--- Web page caption snippets ---
>>>

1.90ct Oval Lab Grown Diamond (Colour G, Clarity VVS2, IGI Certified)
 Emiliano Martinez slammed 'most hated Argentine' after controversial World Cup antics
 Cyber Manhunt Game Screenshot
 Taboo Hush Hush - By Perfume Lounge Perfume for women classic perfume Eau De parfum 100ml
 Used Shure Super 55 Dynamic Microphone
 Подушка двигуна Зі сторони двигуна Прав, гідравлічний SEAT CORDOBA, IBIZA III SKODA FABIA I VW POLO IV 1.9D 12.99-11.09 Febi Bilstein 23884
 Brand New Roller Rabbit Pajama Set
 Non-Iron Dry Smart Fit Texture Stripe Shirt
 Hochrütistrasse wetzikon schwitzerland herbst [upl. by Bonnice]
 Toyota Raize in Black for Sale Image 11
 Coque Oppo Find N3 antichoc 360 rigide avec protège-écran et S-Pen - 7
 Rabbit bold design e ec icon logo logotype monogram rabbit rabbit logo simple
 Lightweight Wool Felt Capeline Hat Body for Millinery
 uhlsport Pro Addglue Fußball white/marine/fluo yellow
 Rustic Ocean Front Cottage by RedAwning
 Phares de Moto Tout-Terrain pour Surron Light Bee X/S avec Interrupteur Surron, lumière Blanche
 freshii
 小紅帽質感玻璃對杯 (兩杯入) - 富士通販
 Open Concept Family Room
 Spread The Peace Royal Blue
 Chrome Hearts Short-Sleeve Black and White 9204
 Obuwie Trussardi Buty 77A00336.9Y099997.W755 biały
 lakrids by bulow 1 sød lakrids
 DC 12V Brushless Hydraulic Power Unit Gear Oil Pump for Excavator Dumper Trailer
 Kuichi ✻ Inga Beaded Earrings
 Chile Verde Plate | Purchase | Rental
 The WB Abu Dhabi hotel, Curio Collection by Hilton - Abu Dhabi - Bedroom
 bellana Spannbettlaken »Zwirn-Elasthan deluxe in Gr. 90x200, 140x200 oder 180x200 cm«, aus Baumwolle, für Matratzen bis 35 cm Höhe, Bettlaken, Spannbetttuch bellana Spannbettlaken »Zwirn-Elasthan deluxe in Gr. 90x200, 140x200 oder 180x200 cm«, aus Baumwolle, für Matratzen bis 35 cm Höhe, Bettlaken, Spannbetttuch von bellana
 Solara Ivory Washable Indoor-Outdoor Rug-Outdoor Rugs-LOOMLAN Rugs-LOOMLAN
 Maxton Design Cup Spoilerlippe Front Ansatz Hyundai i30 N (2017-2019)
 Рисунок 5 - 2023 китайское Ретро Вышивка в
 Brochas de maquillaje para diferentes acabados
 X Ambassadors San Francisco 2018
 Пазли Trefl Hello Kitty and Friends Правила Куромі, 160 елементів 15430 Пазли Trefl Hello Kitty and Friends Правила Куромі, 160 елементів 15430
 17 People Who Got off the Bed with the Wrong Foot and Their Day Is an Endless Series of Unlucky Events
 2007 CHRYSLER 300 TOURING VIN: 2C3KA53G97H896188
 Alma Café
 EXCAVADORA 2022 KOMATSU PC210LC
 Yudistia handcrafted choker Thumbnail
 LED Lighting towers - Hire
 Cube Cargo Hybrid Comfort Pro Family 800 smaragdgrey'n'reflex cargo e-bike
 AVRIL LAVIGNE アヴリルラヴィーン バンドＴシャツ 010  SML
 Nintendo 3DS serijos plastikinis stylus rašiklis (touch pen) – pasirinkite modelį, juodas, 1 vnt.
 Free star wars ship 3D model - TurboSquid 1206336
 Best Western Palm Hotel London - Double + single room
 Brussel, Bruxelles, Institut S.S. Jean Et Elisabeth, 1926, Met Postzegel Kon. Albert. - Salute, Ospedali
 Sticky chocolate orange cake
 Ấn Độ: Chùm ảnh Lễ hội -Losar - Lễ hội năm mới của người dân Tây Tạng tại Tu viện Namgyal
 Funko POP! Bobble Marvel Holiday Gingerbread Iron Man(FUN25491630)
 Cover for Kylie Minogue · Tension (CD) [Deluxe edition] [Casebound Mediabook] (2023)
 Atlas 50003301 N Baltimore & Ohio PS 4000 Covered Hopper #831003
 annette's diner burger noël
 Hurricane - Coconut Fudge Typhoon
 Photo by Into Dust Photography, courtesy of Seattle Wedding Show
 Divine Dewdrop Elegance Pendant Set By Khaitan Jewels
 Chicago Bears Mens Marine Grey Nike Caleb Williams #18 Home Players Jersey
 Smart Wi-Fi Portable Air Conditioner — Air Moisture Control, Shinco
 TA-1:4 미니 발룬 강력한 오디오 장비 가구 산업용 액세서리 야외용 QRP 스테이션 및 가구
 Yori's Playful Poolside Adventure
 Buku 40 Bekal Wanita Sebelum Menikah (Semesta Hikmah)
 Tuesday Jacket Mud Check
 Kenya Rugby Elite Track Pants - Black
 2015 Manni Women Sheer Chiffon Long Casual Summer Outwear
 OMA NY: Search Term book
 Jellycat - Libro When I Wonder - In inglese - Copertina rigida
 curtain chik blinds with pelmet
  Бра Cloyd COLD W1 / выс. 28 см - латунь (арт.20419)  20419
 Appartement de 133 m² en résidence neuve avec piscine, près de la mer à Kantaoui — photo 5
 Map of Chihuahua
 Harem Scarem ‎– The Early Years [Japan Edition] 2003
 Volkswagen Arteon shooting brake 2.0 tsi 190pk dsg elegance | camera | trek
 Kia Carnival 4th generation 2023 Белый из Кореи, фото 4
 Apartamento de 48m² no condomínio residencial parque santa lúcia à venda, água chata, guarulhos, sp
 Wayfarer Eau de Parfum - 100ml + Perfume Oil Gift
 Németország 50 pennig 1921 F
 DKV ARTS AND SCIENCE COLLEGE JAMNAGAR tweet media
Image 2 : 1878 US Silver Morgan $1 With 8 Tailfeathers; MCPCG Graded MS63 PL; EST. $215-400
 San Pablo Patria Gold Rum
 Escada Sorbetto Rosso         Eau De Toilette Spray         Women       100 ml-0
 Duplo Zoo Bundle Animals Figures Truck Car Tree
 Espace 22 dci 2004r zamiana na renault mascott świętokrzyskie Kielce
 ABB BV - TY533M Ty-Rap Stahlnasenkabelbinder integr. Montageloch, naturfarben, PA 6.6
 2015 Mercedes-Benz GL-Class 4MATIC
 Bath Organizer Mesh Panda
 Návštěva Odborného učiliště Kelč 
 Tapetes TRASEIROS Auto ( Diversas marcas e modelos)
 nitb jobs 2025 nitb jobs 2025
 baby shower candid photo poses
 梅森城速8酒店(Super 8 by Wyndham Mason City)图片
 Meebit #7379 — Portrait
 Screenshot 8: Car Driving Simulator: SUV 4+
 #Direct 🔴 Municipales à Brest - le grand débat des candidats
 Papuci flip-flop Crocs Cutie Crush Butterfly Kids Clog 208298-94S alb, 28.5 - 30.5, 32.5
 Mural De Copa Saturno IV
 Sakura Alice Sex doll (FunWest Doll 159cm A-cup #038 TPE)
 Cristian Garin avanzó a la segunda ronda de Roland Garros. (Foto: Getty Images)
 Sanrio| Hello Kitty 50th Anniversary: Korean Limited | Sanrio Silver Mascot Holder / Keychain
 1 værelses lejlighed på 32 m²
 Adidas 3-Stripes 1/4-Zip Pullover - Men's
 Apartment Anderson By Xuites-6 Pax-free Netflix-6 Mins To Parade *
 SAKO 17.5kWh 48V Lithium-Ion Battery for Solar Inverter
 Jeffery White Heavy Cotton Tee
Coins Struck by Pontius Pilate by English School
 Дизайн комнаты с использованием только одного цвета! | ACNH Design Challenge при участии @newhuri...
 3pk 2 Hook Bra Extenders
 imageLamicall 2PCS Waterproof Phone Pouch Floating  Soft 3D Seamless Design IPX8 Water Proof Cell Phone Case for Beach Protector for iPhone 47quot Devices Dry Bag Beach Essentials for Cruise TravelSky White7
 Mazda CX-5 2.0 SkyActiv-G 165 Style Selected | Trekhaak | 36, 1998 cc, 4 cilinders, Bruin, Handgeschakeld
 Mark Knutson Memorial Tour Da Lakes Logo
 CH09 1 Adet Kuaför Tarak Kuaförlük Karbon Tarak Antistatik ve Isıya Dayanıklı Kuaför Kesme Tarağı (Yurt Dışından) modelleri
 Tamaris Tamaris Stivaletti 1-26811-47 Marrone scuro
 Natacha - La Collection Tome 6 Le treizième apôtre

<<<

--- WORK TO COMPLETE ---
Set down exactly the line with "Jeffery White Heavy Cotton Tee" and each line after it up to the end of the records, adding nothing.

--- PROBLEM SOLUTION ---
 Jeffery White Heavy Cotton Tee
Coins Struck by Pontius Pilate by English School
 Дизайн комнаты с использованием только одного цвета! | ACNH Design Challenge при участии @newhuri...
 3pk 2 Hook Bra Extenders
 imageLamicall 2PCS Waterproof Phone Pouch Floating  Soft 3D Seamless Design IPX8 Water Proof Cell Phone Case for Beach Protector for iPhone 47quot Devices Dry Bag Beach Essentials for Cruise TravelSky White7
 Mazda CX-5 2.0 SkyActiv-G 165 Style Selected | Trekhaak | 36, 1998 cc, 4 cilinders, Bruin, Handgeschakeld
 Mark Knutson Memorial Tour Da Lakes Logo
 CH09 1 Adet Kuaför Tarak Kuaförlük Karbon Tarak Antistatik ve Isıya Dayanıklı Kuaför Kesme Tarağı (Yurt Dışından) modelleri
 Tamaris Tamaris Stivaletti 1-26811-47 Marrone scuro
 Natacha - La Collection Tome 6 Le treizième apôtre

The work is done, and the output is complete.